┌──
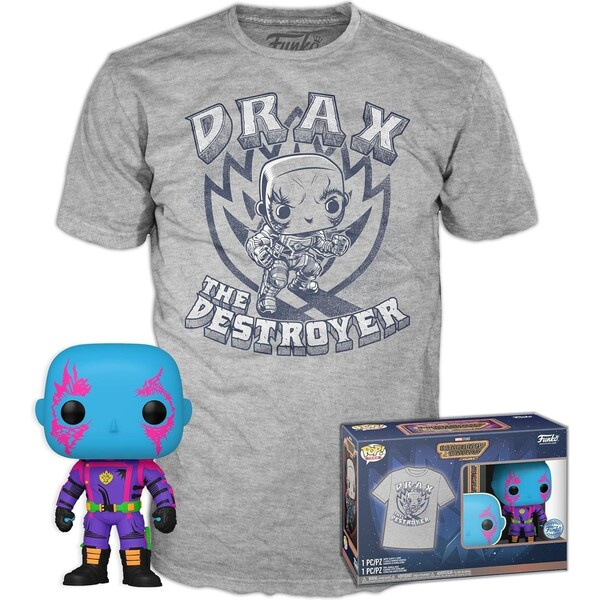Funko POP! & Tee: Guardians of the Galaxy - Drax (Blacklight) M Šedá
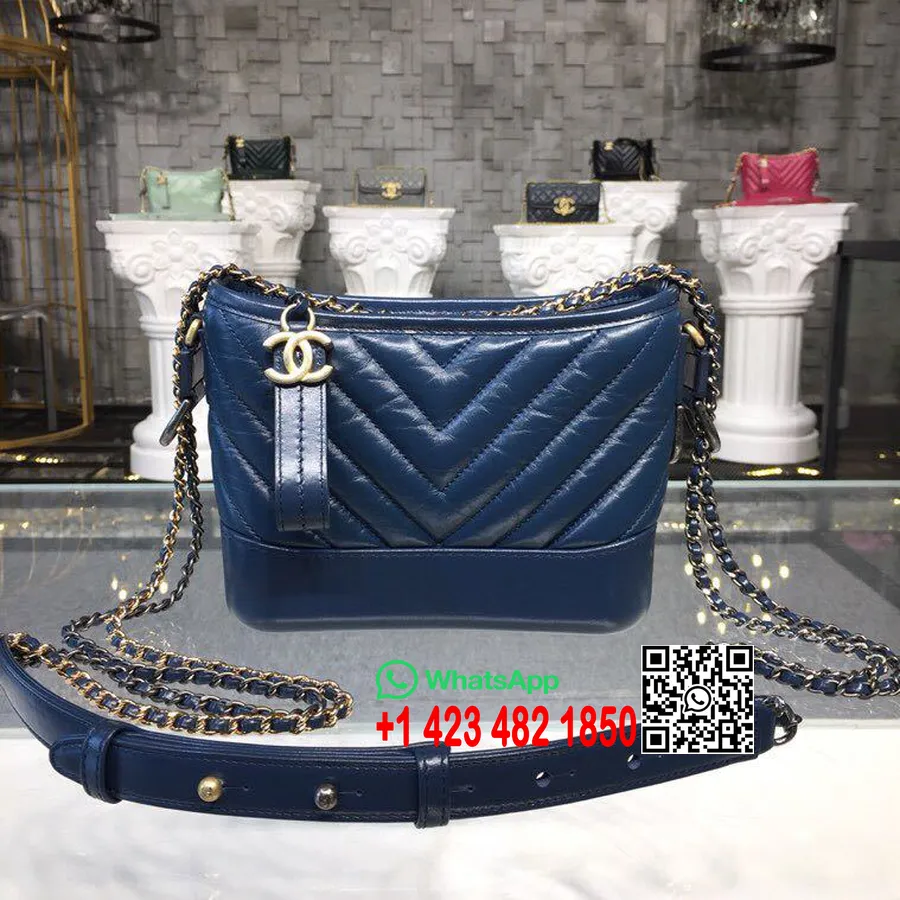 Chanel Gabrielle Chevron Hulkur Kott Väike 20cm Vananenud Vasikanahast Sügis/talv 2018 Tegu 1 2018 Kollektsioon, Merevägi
└──
┌──
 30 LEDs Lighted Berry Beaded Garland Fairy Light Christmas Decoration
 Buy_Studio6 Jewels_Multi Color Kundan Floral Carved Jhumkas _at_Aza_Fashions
└──
WHAT YOU ARE ASKED TO DO:
Above are some records. Output exactly the lines from the one that contains "Funko POP! &" to the one that contains "Chanel Gabrielle Chevron", keeping both, and omit the pictures.

RESULT OF THIS TASK:
Funko POP! & Tee: Guardians of the Galaxy - Drax (Blacklight) M Šedá
 Chanel Gabrielle Chevron Hulkur Kott Väike 20cm Vananenud Vasikanahast Sügis/talv 2018 Tegu 1 2018 Kollektsioon, Merevägi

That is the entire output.